A bomb planted in Mohammed Aydah’s car killed the Al Arabiya correspondent in Mukalla, Yemen, on June 24, leaving one of the region’s best-known broadcasters mourning a reporter who also worked for Al Hadath. The explosion hit the port city in Hadhramout governorate and destroyed the vehicle, turning a routine trip into a targeted killing.
The International Federation of Journalists joined the Yemeni Journalists’ Syndicate in demanding an independent and prompt investigation, and said security sources cited by the syndicate indicated that Aydah had received threats in the previous weeks. Al Arabiya said Mukalla security authorities had warned him about a threat to his life about a month before he was killed. No group has claimed responsibility.
The attack immediately raised questions about who controls security in Mukalla and how much protection journalists can expect in a city where armed influence has shifted repeatedly over the course of Yemen’s war. The Southern Transitional Council, which controls Mukalla, condemned the killing and said the city and the wider Hadramout coast were again vulnerable to terrorist activity. The statement underscored the uneasy reality in eastern Yemen, where local authorities, armed groups and outside backers still compete for influence.
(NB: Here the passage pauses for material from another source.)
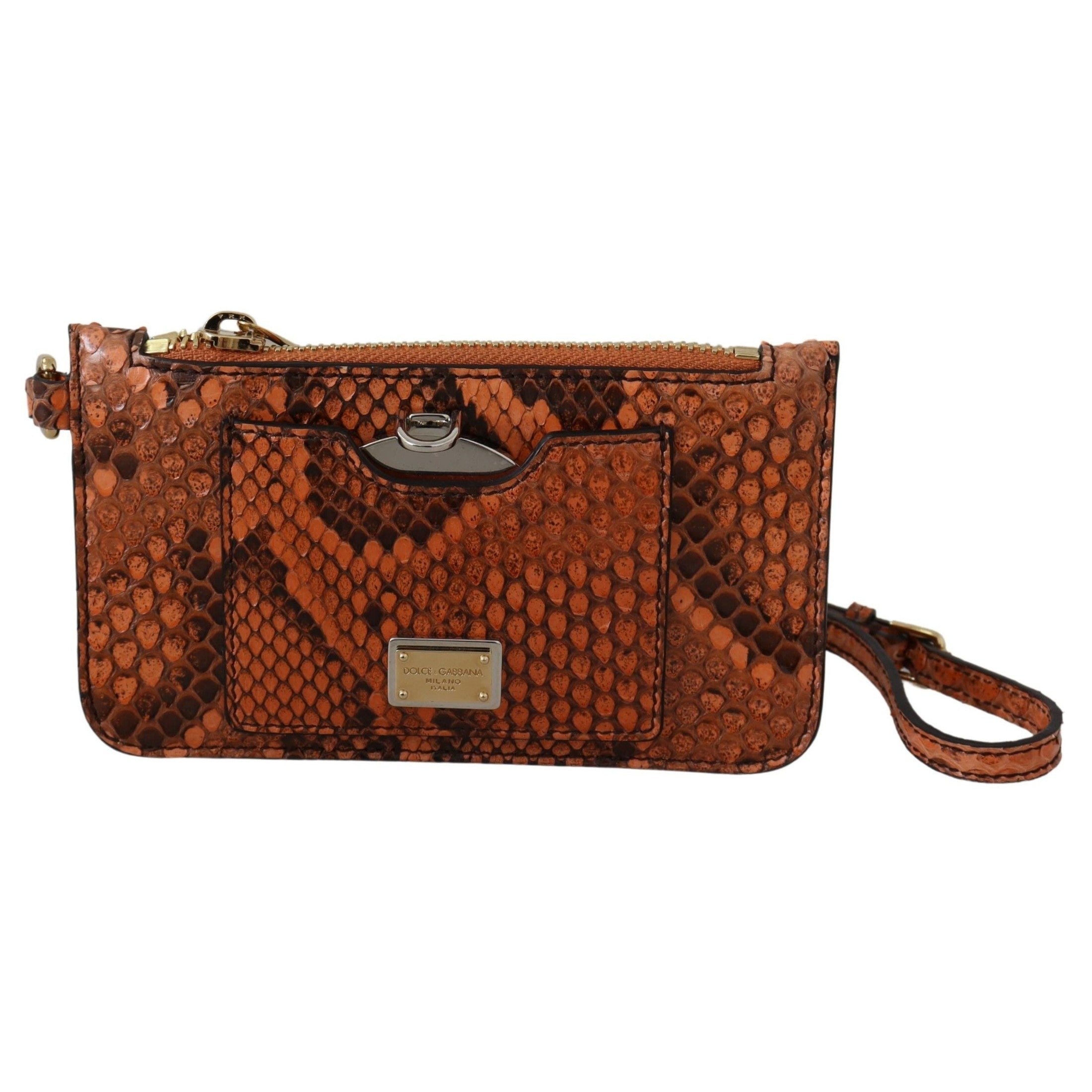 Elegant Python Patterned Leather Wristlet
Aydah’s death also carried a broader warning for the country’s press corps. The IFJ said he had previously been forced to flee Sana’a after the de facto authorities there pursued him and besieged his workplace, a sign that danger for reporters in Yemen is not limited to one front line or one governing faction. The federation said Aydah was the first journalist killed in Yemen in 2026.
Mukalla has long been a flashpoint. AQAP held the city until UAE-backed forces recaptured it in April 2016, and the old battle left behind a security landscape that still appears fragile. Aydah’s killing on the south-eastern coast, in a city of strategic value, puts renewed focus on whether local reporters are being systematically exposed to violence while foreign attention on Yemen has faded.
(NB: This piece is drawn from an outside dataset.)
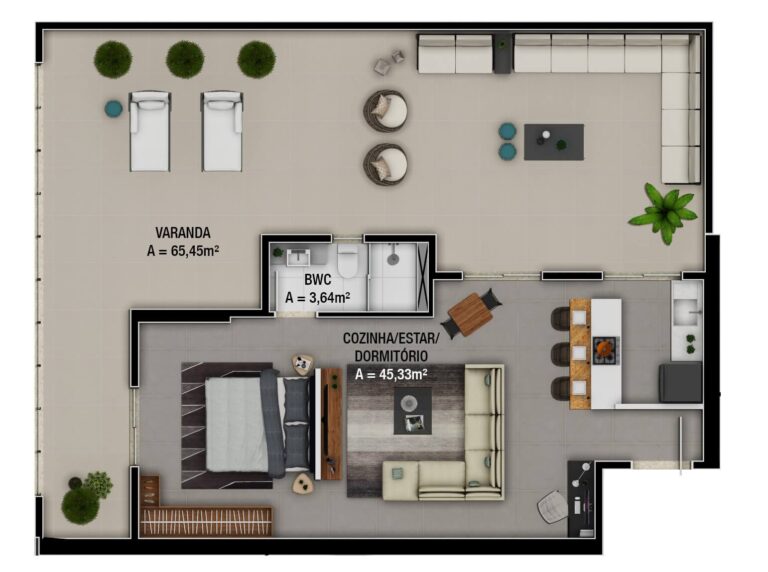Planta Tipo 03 - 135,93 m² - 02 dormitórios - 1 vaga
The case also fits a pattern that international monitors have repeatedly described as impunity. In a World Press Freedom Day message this year, UN Secretary-General António Guterres said 85% of crimes against journalists go uninvestigated and unpunished. In Yemen, where one journalist was killed by a car bomb and no suspect has been named publicly, that statistic feels less like a warning than a forecast.